_Task_:
Your task is to retype the lines from the opening of the material through the line that includes "an open door". Do not copy the pictures.
———
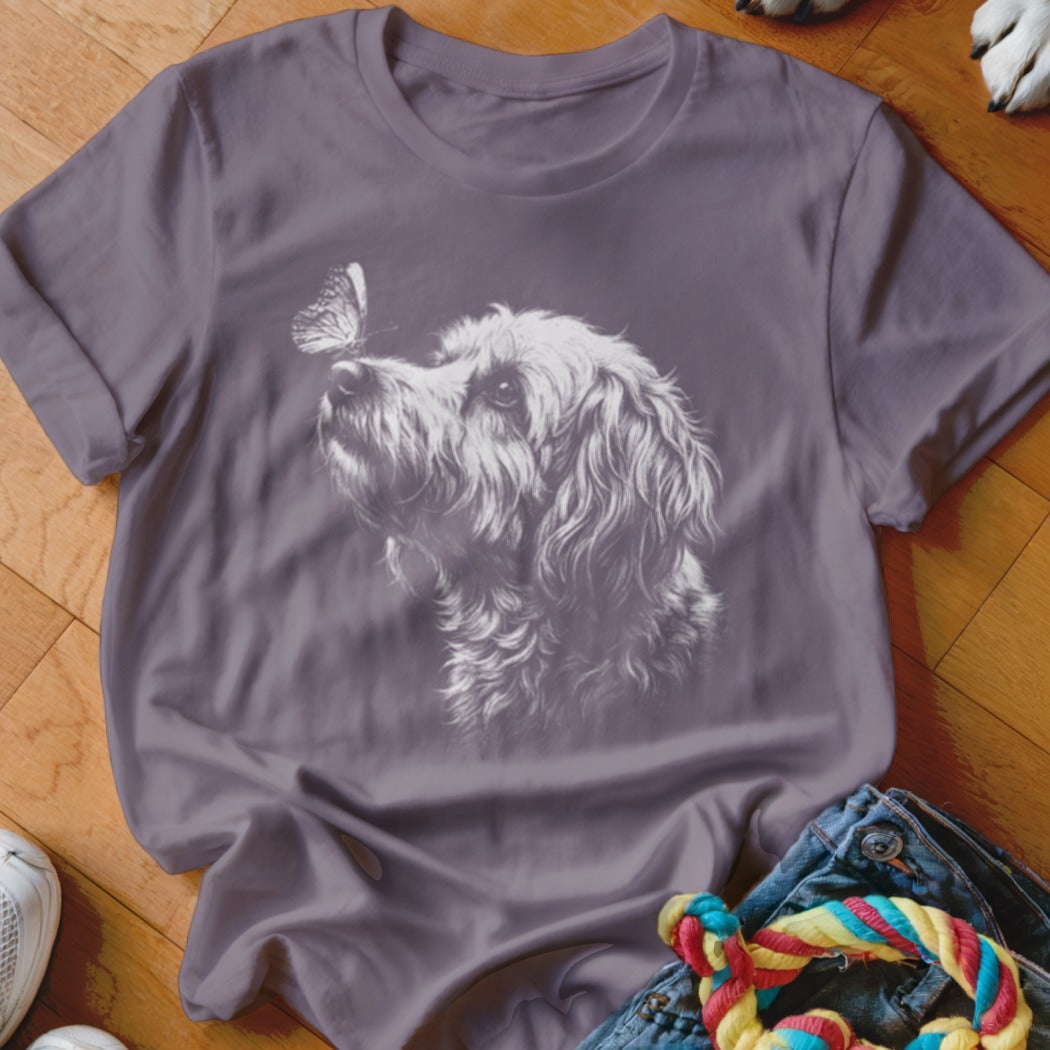 A purple crewneck t-shirt featuring a white line drawing of a fluffy dog and butterfly.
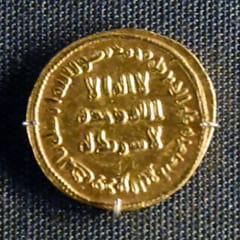 A gold coin on dark cloth with Arabic inscriptions in plain Kufic letters across its face and around its rim.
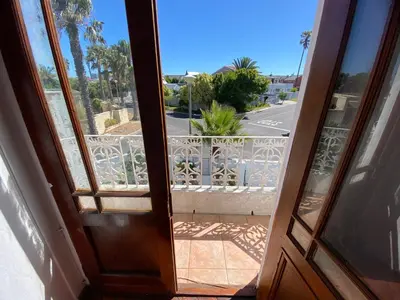 an open door to a balcony with a view of a street at Zagorski’s Bed and breakfast in Bloubergstrand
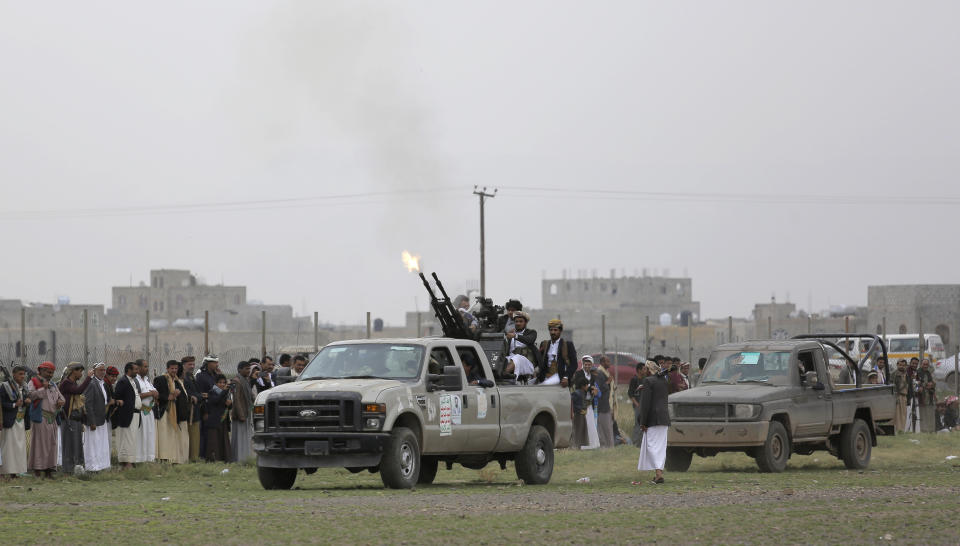 Houthi rebel fighters fire their weapons in the air as they take off to a battlefront following a gathering aimed at mobilizing more fighters for the Houthi movement, in Sanaa, Yemen, Thursday, Aug. 1, 2019. The conflict in Yemen began with the 2014 takeover of Sanaa by the Houthis, who drove out the internationally recognized government. Months later, in March 2015, a Saudi-led coalition launched its air campaign to prevent the rebels from overrunning the country's south. (AP Photo/Hani Mohammed)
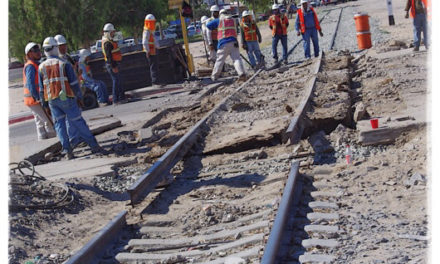 Repair work on RR crossing at Calle 13 today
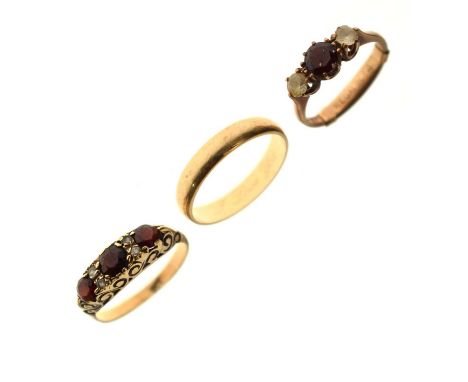 Garnet and white stone three-stone 9ct gold ring, a garnet and white stone dress ring, stamped '9ct', and a 9ct gold wedding 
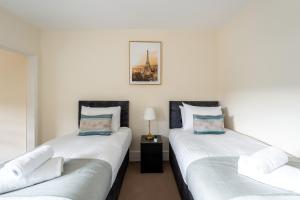 two beds sitting next to each other in a bedroom at Edgehill City Centre Haven By Icon Living Properties Short Lets & Serviced Accommodation Reading in Reading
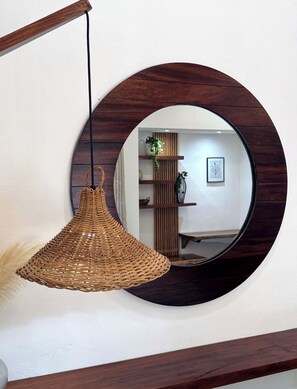 Een ronde spiegel met houten lijst aan de muur.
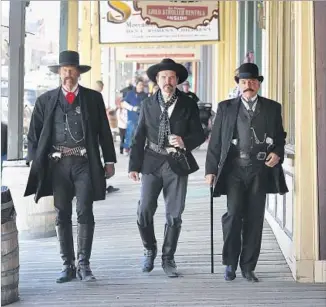  ??  ?? A TRIO portrays Wyatt Earp, Doc Holliday and Bat Masterson in Virginia City, Nev., where Samuel Clemens worked at a newspaper and came up with his pen name, Mark Twain.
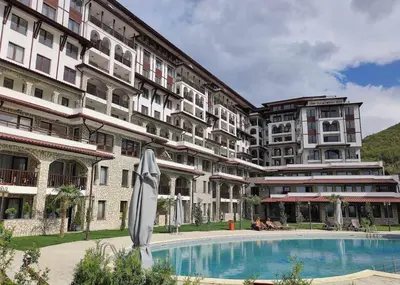 a hotel with a swimming pool in front of a building at 3 комнатные новые апартаменты у моря in Sveti Vlas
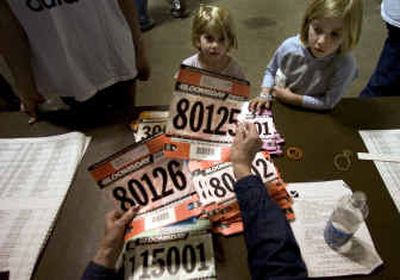 
Reagan Elzey, 4, and her sister Morgan, 6, collect their Bloomsday race numbers from volunteer Florence Haidle Friday at the Spokane Ag Trade Center.  
 (Colin Mulvany / The Spokesman-Review)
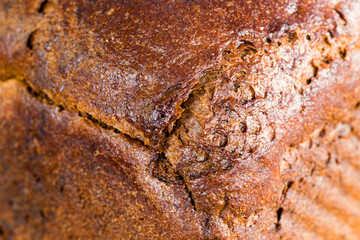 a whole loaf of black rye bread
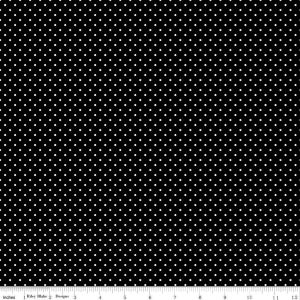 May include: A black fabric featuring a repeating pattern of small white polka dots, displayed alongside a white ruler measuring 12 inches to provide a clear scale of the textile design and the size of the dots.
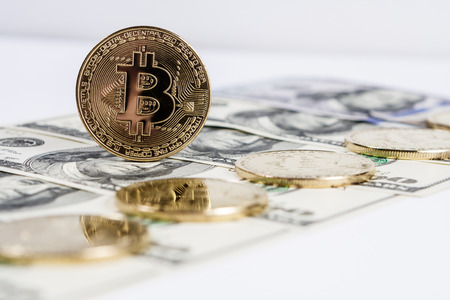 New virtual money Golden bitcoin coin on us dollars background . Cryptocurrency. Business and Trading concept.の写真素材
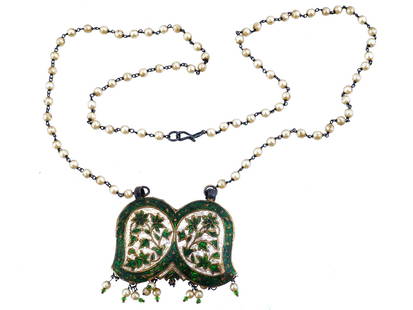 VINTAGE SILVER ENAMEL BEADED PENDANT NECKLACE: A vintage silver enamel beaded pendant necklace. The necklace consists of white mother of pearl beads and a silver chain with a hook clasp. The pendant in the form of wings is covered with white, gold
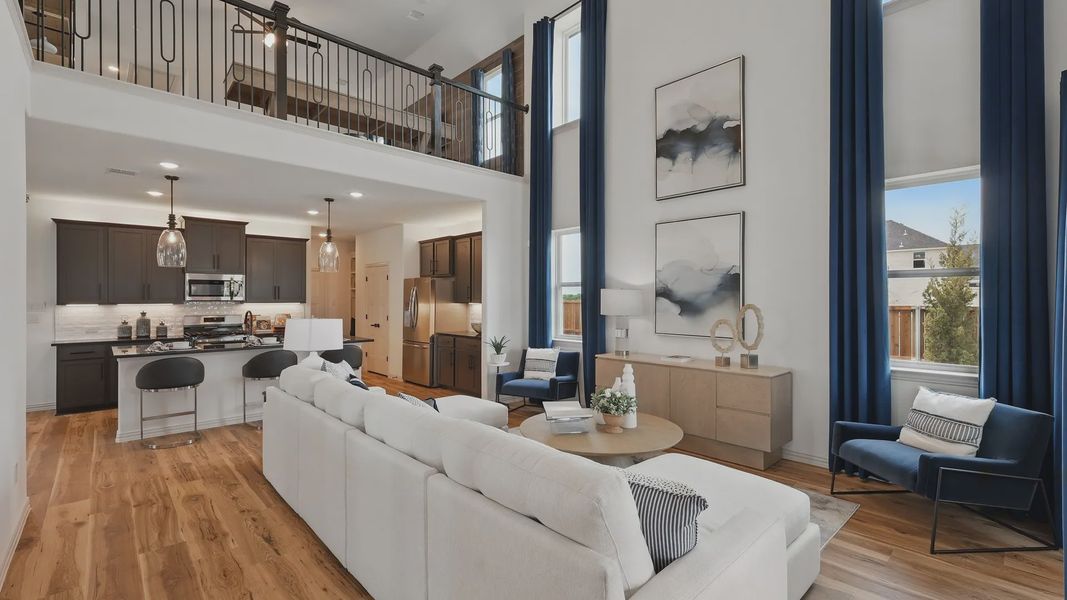 Experience luxury with soaring ceilings, refined wood floors, and elegant balcony in Westridge's premier home.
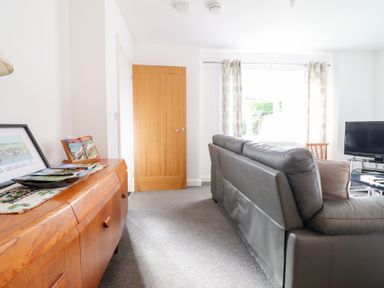 A living room with a sofa and television at Arnant in Dolgellau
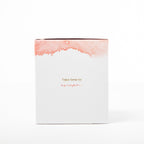 Candle with watercolor design and text 'Take time to escape' on a white background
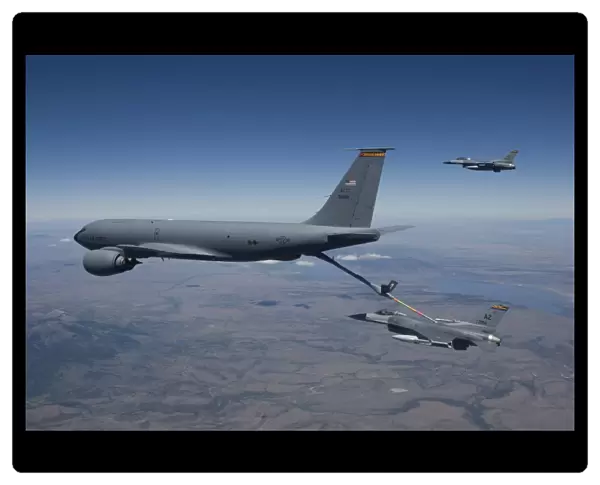 Two F-16 Fighting Falcons conduct aerial refueling with a KC-135 Stratotanker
———
_Solution for this exercise_:
 A purple crewneck t-shirt featuring a white line drawing of a fluffy dog and butterfly.
 A gold coin on dark cloth with Arabic inscriptions in plain Kufic letters across its face and around its rim.
 an open door to a balcony with a view of a street at Zagorski’s Bed and breakfast in Bloubergstrand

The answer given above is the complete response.